Dataset excerpts:
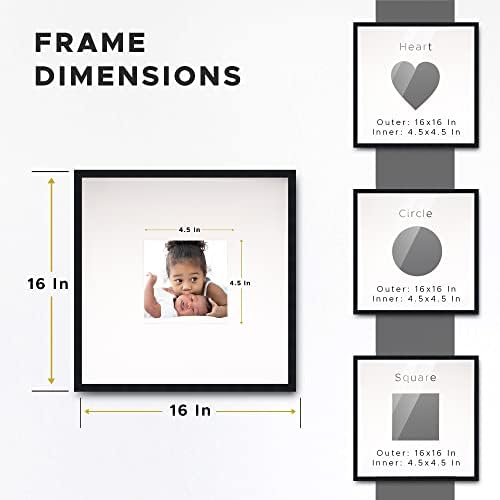 Poster Palooza 16x16 White Autograph & Signature Picture Frame With Yellow Square Opening Photo Mat for 5x5 Pictures - With Pens, UV Acrylic & Foamboard Backing - Image 3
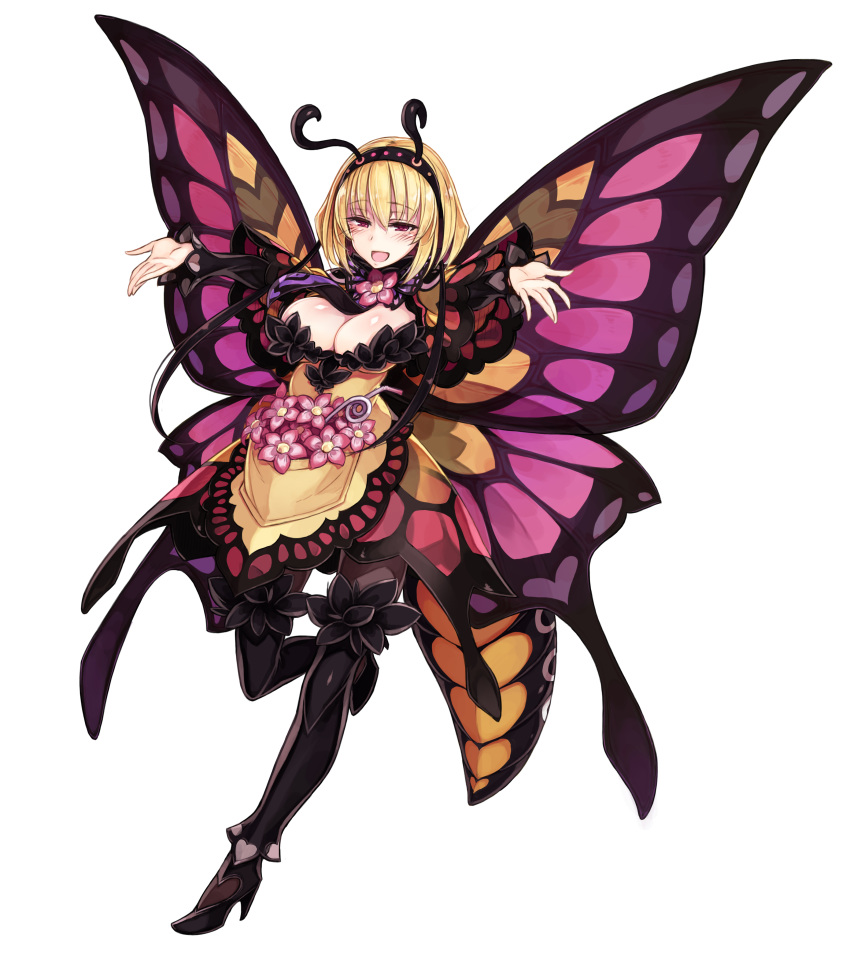 1girl :d absurdres antennae blonde_hair boots breasts butterfly_wings drinking_straw enty_reward flower full_body hairband high_heel_boots high_heels highres insect_girl kenkou_cross large_breasts looking_at_viewer monster_girl monster_girl_encyclopedia official_art open_mouth outstretched_arms paid_reward papillon_(monster_girl_encyclopedia) photoshop_(medium) pink_wings red_eyes short_hair simple_background smile solo spread_arms thigh-highs thigh_boots white_background wings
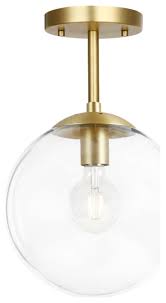 We believe in helping you find the product that is right for you. Aura Globe Ceiling Light Contemporary Flush Mount Ceiling Lighting By Light Society Ls C176 Brs Clr Houzz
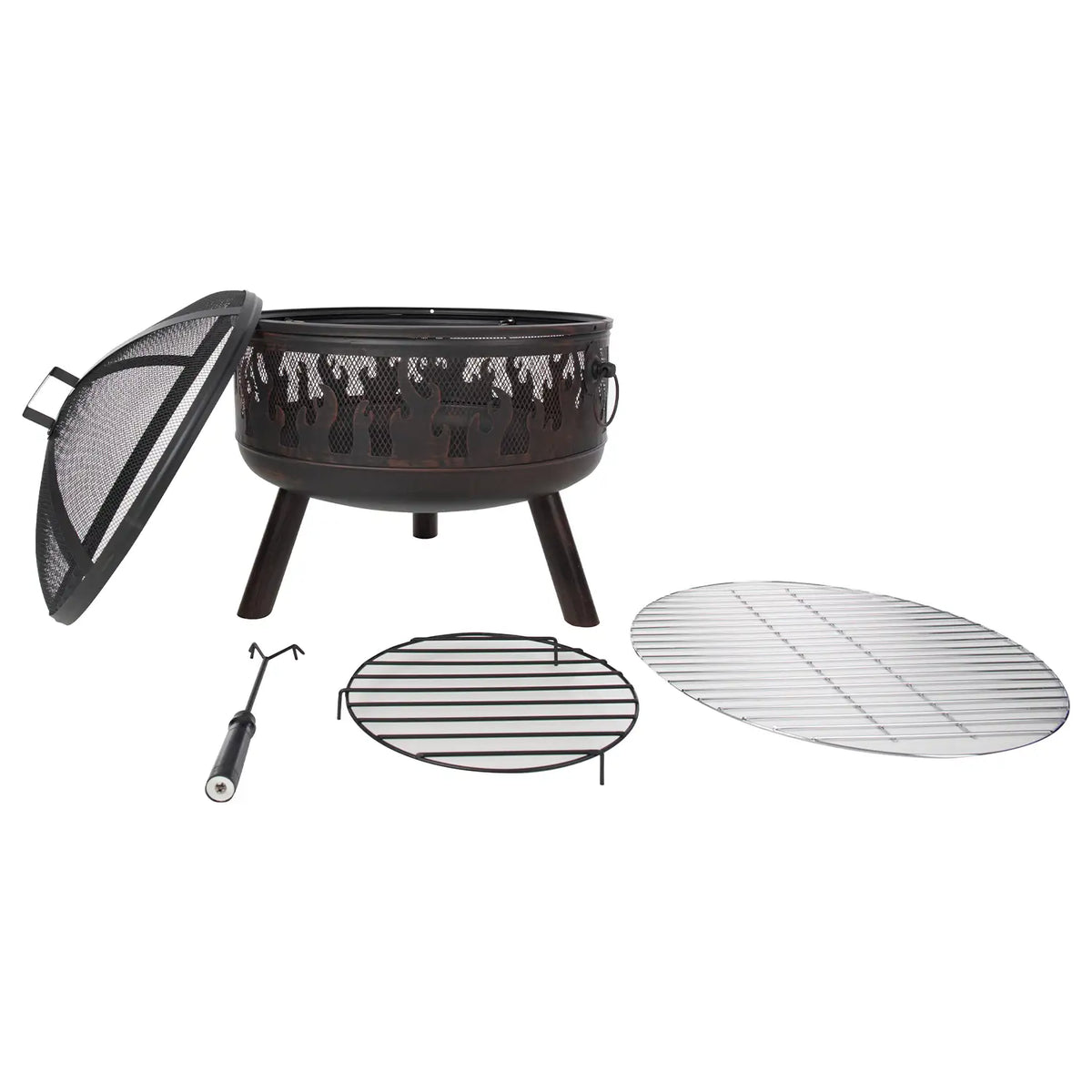 Brasero con parrilla y malla
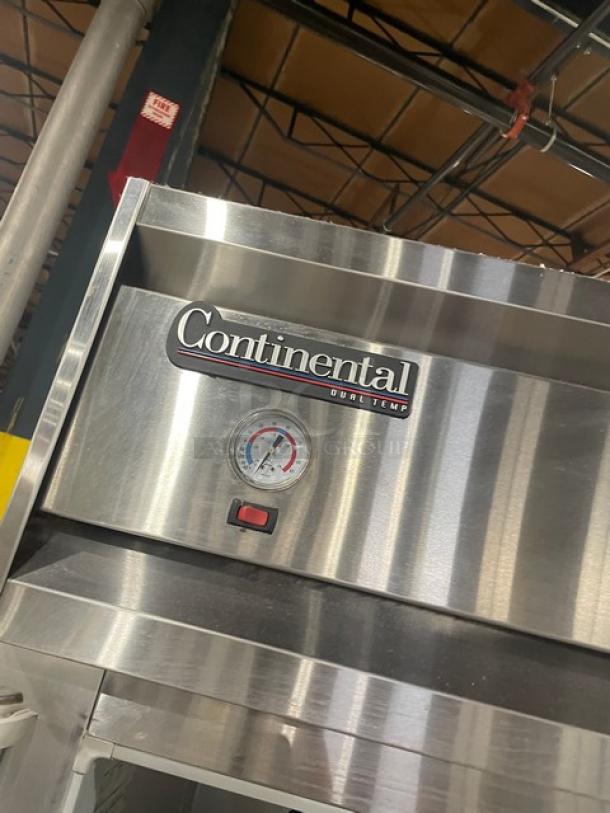 Continental stainless steel dual temp refrigerator/freezer combo, model 1RF, with poly-coated wire racks, on casters.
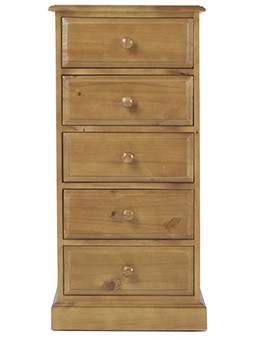 Essentials Pine 5 Drawer Tall Chest of Drawers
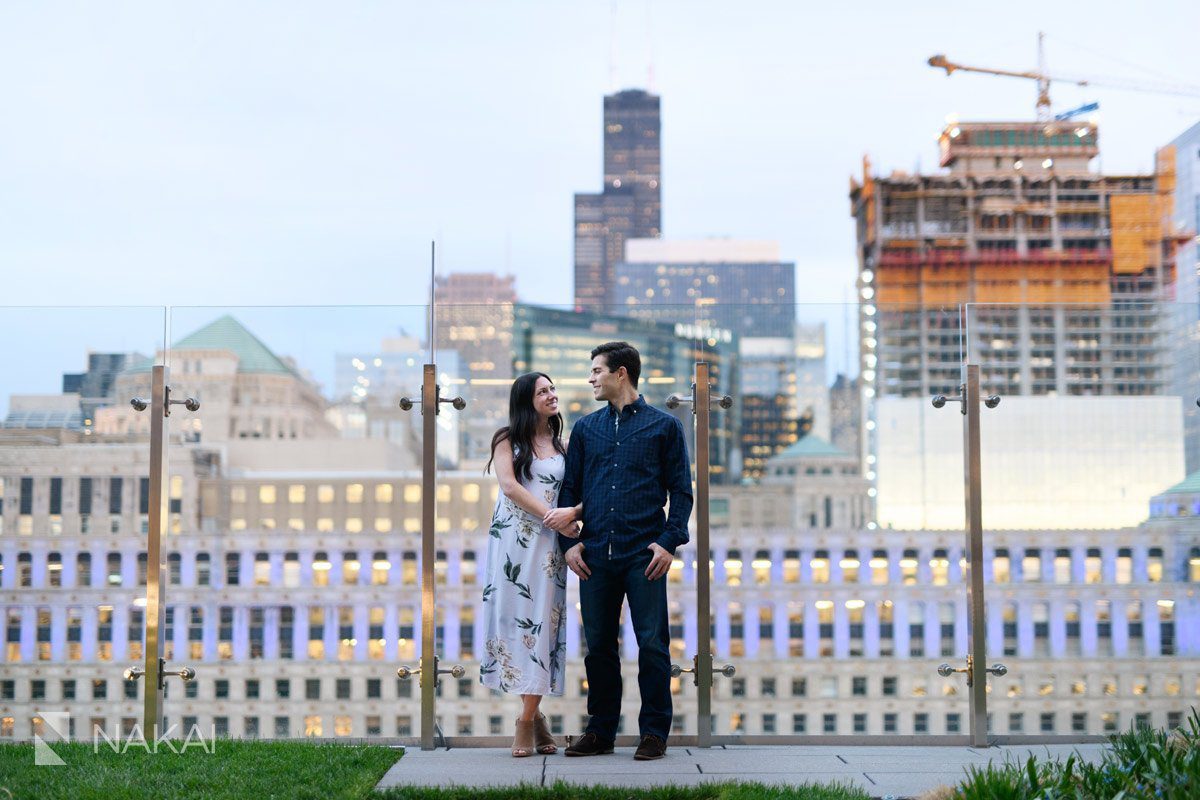 rooftop chicago river north engagement photo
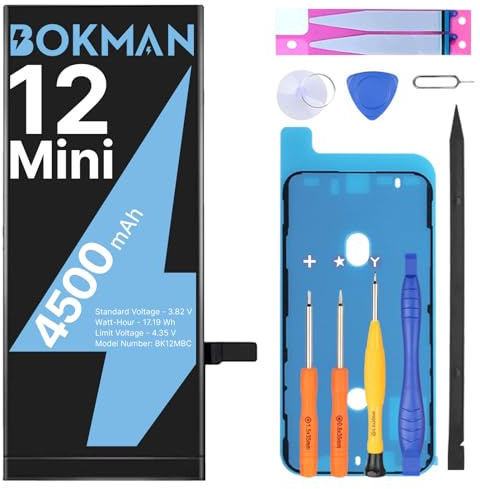 bokman Batteria per iPhone 12 mini, 4500mAh con Kit di Riparazione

Task item:
This exercise asks for the data above to be given again exactly, without pictures.

Reply:
 Poster Palooza 16x16 White Autograph & Signature Picture Frame With Yellow Square Opening Photo Mat for 5x5 Pictures - With Pens, UV Acrylic & Foamboard Backing - Image 3
 1girl :d absurdres antennae blonde_hair boots breasts butterfly_wings drinking_straw enty_reward flower full_body hairband high_heel_boots high_heels highres insect_girl kenkou_cross large_breasts looking_at_viewer monster_girl monster_girl_encyclopedia official_art open_mouth outstretched_arms paid_reward papillon_(monster_girl_encyclopedia) photoshop_(medium) pink_wings red_eyes short_hair simple_background smile solo spread_arms thigh-highs thigh_boots white_background wings
 We believe in helping you find the product that is right for you. Aura Globe Ceiling Light Contemporary Flush Mount Ceiling Lighting By Light Society Ls C176 Brs Clr Houzz
 Brasero con parrilla y malla
 Continental stainless steel dual temp refrigerator/freezer combo, model 1RF, with poly-coated wire racks, on casters.
 Essentials Pine 5 Drawer Tall Chest of Drawers
 rooftop chicago river north engagement photo
 bokman Batteria per iPhone 12 mini, 4500mAh con Kit di Riparazione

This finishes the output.